Content starts

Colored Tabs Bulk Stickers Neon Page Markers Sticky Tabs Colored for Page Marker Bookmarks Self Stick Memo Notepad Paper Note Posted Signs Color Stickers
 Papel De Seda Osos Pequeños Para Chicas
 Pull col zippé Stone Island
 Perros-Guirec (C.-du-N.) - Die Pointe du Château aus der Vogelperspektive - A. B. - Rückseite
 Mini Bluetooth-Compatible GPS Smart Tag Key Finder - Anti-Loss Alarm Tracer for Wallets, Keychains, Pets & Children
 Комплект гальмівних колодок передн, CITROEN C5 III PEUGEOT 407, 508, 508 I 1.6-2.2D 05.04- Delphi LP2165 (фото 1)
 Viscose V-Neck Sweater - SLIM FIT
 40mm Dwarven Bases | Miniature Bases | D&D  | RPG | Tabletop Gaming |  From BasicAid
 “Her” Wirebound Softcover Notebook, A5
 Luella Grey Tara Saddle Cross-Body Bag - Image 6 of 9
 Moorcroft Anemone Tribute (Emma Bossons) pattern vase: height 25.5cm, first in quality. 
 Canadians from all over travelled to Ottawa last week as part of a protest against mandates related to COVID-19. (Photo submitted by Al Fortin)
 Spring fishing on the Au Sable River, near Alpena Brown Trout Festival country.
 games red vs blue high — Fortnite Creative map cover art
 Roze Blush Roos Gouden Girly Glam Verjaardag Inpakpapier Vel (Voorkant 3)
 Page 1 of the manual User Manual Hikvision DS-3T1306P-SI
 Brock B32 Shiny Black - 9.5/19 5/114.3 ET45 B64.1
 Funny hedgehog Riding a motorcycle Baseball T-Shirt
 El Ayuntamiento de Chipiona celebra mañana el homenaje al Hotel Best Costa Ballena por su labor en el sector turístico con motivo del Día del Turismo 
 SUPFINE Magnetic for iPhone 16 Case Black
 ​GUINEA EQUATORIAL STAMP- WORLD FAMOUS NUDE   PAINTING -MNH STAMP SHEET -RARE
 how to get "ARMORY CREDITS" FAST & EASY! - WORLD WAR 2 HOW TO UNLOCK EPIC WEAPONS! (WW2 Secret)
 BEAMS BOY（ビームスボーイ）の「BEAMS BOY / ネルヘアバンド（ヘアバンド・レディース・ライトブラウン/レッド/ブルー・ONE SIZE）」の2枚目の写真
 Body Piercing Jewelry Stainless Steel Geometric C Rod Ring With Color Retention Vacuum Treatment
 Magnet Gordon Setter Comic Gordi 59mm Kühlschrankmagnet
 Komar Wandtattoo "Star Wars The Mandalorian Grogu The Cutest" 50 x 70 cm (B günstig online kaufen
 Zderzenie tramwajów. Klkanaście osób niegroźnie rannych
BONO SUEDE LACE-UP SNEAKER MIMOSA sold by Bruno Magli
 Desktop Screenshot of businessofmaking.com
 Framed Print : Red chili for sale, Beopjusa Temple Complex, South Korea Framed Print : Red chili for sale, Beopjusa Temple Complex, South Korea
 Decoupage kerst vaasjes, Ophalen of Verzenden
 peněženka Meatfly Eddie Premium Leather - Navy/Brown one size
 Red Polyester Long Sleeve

Content ends

→ **WHAT IS BEING ASKED**:
Please give back exactly the lines of this listing beginning at the line with "Viscose V-Neck Sweater - SLIM FIT" and ending with the line with "Moorcroft Anemone Tribute", both included, and nothing else.

→ **WRITTEN RESPONSE**:
 Viscose V-Neck Sweater - SLIM FIT
 40mm Dwarven Bases | Miniature Bases | D&D  | RPG | Tabletop Gaming |  From BasicAid
 “Her” Wirebound Softcover Notebook, A5
 Luella Grey Tara Saddle Cross-Body Bag - Image 6 of 9
 Moorcroft Anemone Tribute (Emma Bossons) pattern vase: height 25.5cm, first in quality. 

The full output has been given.